We did https://about.gitlab.com/2017/10/11/from-dev-to-devops/ when we where at 50% of our current number of engineers. So far so good.

n427y ago

Not trying to be negative. I genuinely would like for GitLab to succeed. My experience (in a totally different industry and scenario, but with product building all the same) was that our decision to pare down to our core competency and focus was the best decision we ever made. We were attempting a full productivity suite, similar in concept but again a different industry. I’m interested in finding an example of a similarly modeled company to compare.

gregoriol7y ago

Really no, look at all the comments here (and this is only from techies): you have lost us, we don't know anymore what you are doing, or even trying to do.

sytse7y ago

We are trying to make a single application that covers the whole DevOps lifecycle, from planning your change up to monitoring its effect.

We're doing it because we believe there are emergent benefits to having the lifecycle in a single application https://about.gitlab.com/handbook/product/single-application...

1 more reply

veritas32417y ago

Taylor from GitLab here! Happy to answer any questions about what we're doing.

thebiglebrewski7y ago

Kudos to you for trying something new!

veritas32417y ago

Thanks so much!

_pmf_7y ago

GitLab's usage of team members in marketing material is creeping me out (as does the whole team page[0]).

[0] https://about.gitlab.com/team/

sytse7y ago

We say team members instead of employees because some are contractors.
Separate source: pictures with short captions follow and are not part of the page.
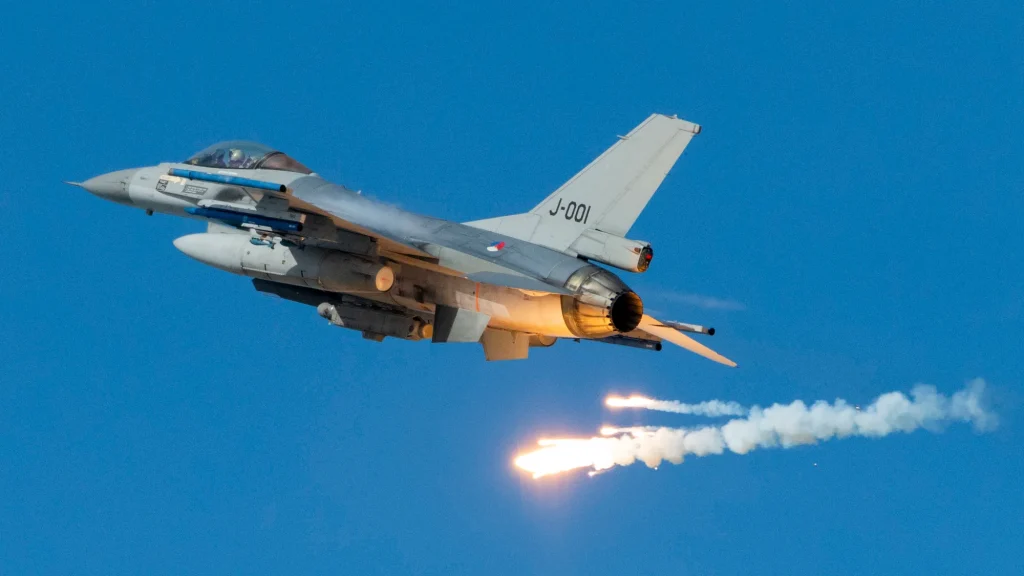 Πρωθυπουργός Ολλανδίας: «Προχωρούν οι συνομιλίες για χορήγηση στην Ουκρανία μαχητικών F-16»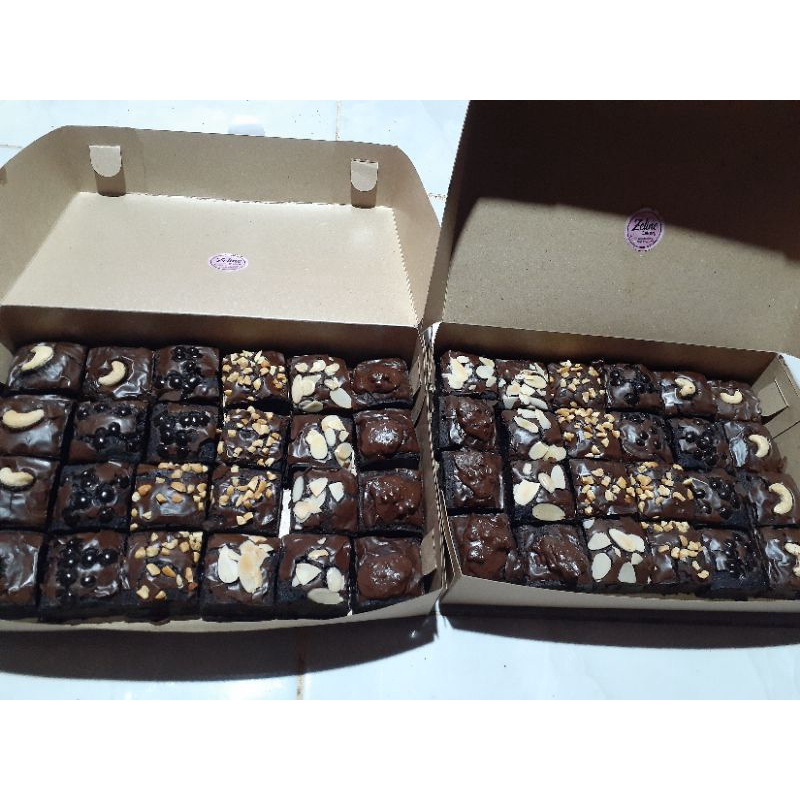 

Fudgy Brownies size 22x22 cm/ Brownies Sekat 24 slices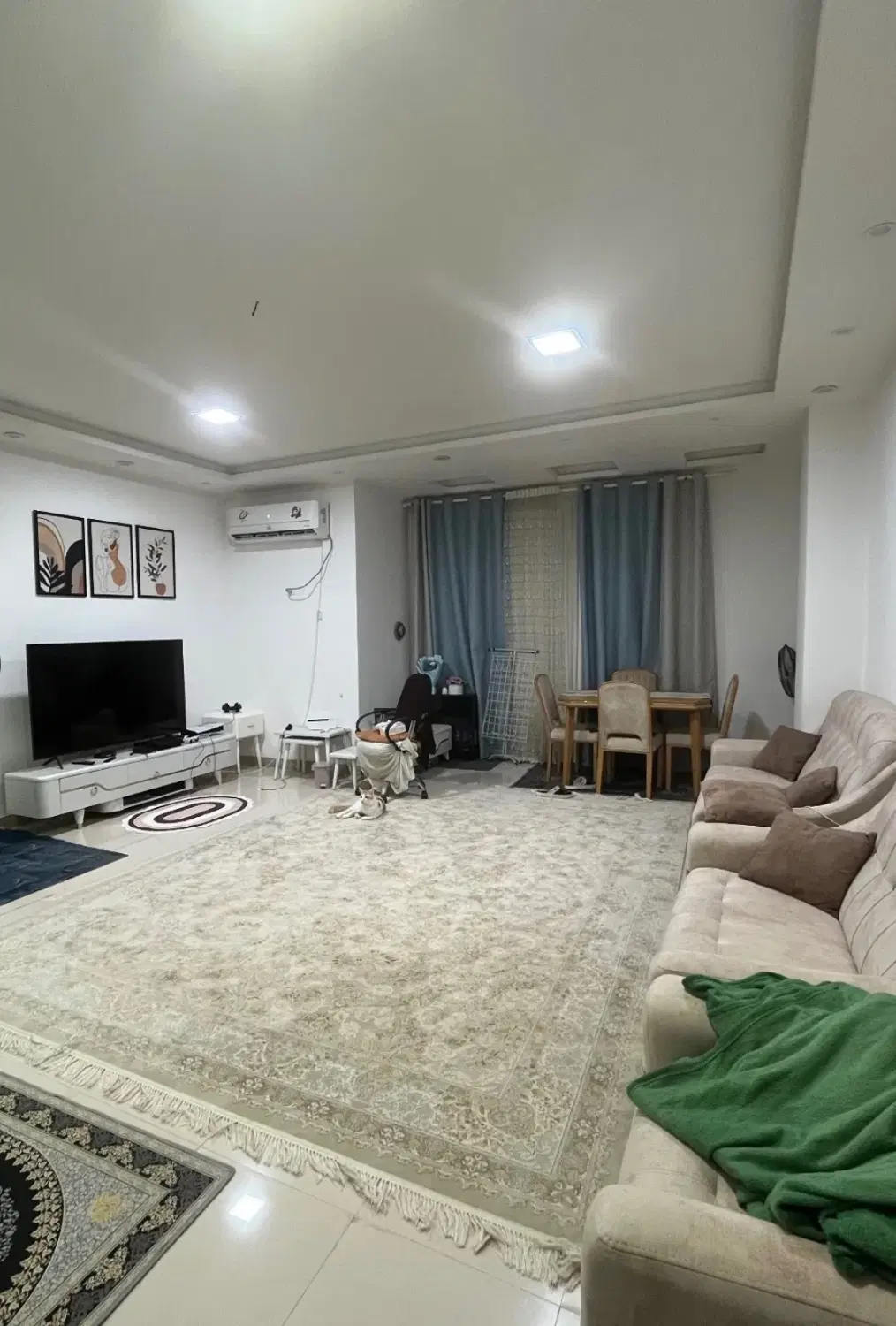 واحد، اپارتمان توحید ۱۰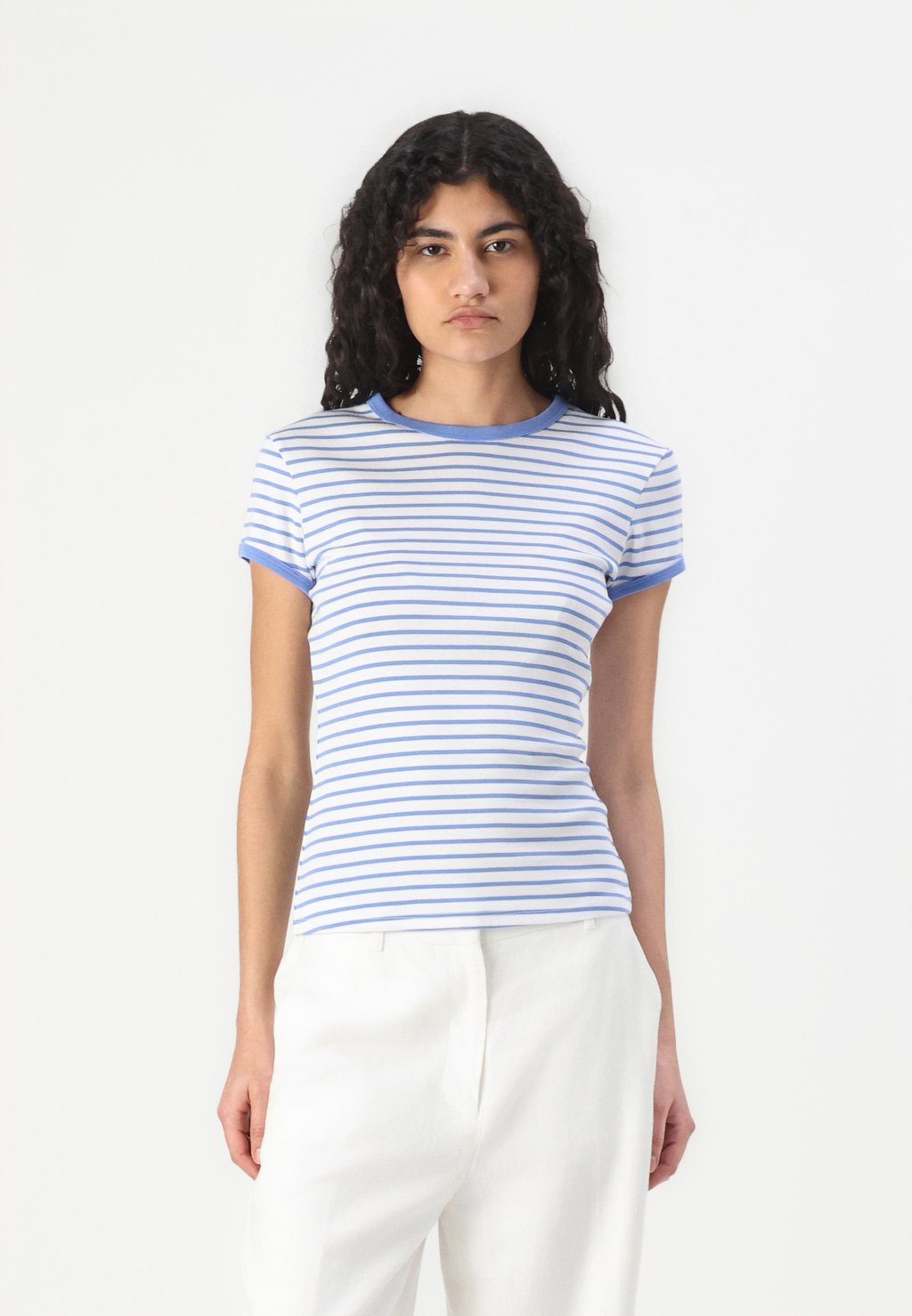 

Базовая футболка BABY TEE Abercrombie & Fitch, светло-серый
Why does it freak you out?

BTW We don't call it a family https://about.gitlab.com/handbook/leadership/#management-tea...

_pmf_7y ago

I wouldn't want to have that level of public affiliation with my employer (no matter who that employer might be).

ageofwant7y ago

https://quiltdata.com/ ticks a lot of boxes in this space for me.

veritas32417y ago

This could potentially become part of the Meltano stack. At GitLab, we're not at the phase yet where we're in need of data versioning. But I could imagine a data registry that's integrated with the workflow of data analysts/scientists to easily link versions of code and data.

Thanks for the link - we'll definitely keep an eye on it.

sytse7y ago

Is that project more for versioning data like https://docs.dotmesh.com/tutorials/subdots/ or http://www.pachyderm.io/ ?

danpalmer7y ago

Reading this I was concerned that it would be written in Ruby. While Ruby is a reasonable language for server development, it has almost no data science community when compared with some other ecosystems.

I was very glad to see this is Python! Python has some of the best data tools out there, and a mature ecosystem for solving all the engineering problems that go along with a great data stack.

ksec7y ago

I am on the opposite side, Given Gitlab is a Ruby house I was secretly hoping some innovation coming from Ruby Data Science.

tamersalama7y ago

Is there some resemblance with Floydhub http://floydhub.com/ ?

veritas32417y ago

Personally, I quite like the approach FloydHub has for deep learning projects. At GitLab, we currently don't have any deep learning projects happening - we're still further down the AI hierarchy of needs - i.e. focusing on solid data infrastructure and descriptive analytics.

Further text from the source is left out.